While the provisions of Pa. R.A.P. 1551(a) allow us to remand a case where appropriate, we decline to do so here. This case is clearly distinguishable from cases such as Corressel v. Unemployment Compensation Board of Review, 35 Pa. Commw. 437, 385 A.2d 615 (1978) and Goodman v. Unemployment Compensation Board of Review, 68 Pa. Commw. 52, 447 A.2d 1127 (1982), in which this Court remanded for consideration of issues which formed the basis for the referee's decision but which had not been raised in the notice of the original appeal. In those cases, the petitioner had been prejudiced by the consideration of an issue which he was not prepared to defend. Such is not the case here. Because the referee limited his ruling to the issue before him, for which both parties were prepared to present evidence, there was no prejudice to the Claimant.
In addition, from our thorough review of the entire record, we can find no indication that Claimant ever requested that this matter be remanded, despite the referee's apparent willingness to allow Claimant to seek an OES determination on the concessions issue.
As mentioned above, Claimant has only raised one issue in this appeal, choosing not to question the validity of the Board's affirmance of the referee's decision with respect to the proper quarter to which Claimant's wages were allocated.

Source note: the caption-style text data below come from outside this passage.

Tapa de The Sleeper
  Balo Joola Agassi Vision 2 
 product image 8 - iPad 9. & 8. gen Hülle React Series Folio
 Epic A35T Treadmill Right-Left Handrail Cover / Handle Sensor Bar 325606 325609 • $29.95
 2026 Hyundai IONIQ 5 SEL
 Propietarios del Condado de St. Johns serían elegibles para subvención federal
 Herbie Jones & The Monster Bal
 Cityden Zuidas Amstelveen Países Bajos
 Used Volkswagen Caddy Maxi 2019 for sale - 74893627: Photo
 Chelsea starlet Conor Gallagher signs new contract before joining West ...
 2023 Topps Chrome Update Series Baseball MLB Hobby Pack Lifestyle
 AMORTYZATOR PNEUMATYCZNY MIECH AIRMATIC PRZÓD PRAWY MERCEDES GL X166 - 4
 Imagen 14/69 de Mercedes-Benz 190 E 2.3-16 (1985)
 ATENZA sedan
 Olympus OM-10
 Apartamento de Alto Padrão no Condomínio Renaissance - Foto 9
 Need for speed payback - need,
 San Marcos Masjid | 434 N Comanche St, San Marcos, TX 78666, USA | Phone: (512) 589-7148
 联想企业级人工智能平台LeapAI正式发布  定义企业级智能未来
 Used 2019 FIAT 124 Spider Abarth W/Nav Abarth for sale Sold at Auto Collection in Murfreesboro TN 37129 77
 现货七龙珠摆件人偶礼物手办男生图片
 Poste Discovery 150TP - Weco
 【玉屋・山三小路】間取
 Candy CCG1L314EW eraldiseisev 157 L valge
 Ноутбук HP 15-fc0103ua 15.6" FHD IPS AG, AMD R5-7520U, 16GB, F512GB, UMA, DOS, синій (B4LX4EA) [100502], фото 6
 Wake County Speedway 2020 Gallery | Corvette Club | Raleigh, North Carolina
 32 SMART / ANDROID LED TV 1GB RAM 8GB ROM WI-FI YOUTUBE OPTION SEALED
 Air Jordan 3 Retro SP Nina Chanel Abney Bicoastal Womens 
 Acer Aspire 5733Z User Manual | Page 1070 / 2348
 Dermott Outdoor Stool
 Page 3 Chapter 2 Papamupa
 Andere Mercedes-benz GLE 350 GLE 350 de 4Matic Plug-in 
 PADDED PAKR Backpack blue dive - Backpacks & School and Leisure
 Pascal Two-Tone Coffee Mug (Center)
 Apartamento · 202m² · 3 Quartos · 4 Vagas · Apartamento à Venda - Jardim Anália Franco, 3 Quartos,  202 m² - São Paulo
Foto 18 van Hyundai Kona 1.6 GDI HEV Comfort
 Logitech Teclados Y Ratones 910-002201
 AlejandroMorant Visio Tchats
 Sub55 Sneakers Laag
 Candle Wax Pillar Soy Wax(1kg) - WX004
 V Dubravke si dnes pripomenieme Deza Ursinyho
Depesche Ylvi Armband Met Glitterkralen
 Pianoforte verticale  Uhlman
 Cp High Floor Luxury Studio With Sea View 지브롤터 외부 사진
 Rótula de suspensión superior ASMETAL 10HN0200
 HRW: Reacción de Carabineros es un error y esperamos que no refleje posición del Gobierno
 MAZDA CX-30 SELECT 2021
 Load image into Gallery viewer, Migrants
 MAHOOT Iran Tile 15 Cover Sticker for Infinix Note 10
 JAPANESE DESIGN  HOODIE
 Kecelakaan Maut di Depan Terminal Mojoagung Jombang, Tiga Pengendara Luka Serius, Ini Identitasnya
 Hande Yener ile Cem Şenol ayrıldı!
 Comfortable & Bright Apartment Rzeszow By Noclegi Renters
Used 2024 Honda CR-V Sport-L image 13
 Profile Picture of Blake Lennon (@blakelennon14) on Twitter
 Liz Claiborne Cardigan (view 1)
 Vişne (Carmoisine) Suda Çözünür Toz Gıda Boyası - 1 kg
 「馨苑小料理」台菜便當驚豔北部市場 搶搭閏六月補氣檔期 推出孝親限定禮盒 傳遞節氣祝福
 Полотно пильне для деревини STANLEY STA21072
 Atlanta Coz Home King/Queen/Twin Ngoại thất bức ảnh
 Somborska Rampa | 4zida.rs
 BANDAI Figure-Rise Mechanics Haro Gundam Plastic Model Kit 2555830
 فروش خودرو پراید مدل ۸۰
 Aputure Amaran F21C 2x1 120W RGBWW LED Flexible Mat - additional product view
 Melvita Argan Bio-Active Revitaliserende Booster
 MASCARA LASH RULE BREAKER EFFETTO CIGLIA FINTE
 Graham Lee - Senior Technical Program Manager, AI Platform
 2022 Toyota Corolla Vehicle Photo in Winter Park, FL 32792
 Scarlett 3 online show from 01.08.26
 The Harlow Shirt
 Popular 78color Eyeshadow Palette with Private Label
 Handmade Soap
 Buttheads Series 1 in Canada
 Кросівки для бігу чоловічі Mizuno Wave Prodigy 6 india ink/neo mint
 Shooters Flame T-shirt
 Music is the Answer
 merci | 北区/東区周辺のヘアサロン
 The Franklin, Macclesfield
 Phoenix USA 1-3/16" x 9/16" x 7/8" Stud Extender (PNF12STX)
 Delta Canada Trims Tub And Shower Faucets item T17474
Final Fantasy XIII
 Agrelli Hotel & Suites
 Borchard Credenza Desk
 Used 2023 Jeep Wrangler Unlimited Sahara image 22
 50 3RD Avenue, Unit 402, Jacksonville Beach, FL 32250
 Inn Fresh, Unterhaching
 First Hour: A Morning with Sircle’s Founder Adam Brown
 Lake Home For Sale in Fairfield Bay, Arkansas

Because the two issues involved in this case are distinct, we do not believe that the issue upon which the ruling was made can be deemed to be a "subsidiary question fairly comprised" within the concessions issue. Pa. R.A.P. 1513(a). Therefore, because that former issue is not suggested by the latter, we decline to consider it. See also Pa. R.A.P. 2116(a).
For the foregoing reasons, we affirm the order of the Board.
ORDER
AND NOW, this 18th day of May, 1987, the order of the Unemployment Compensation Board of Review in the above-captioned matter, dated April 18, 1985, is hereby affirmed.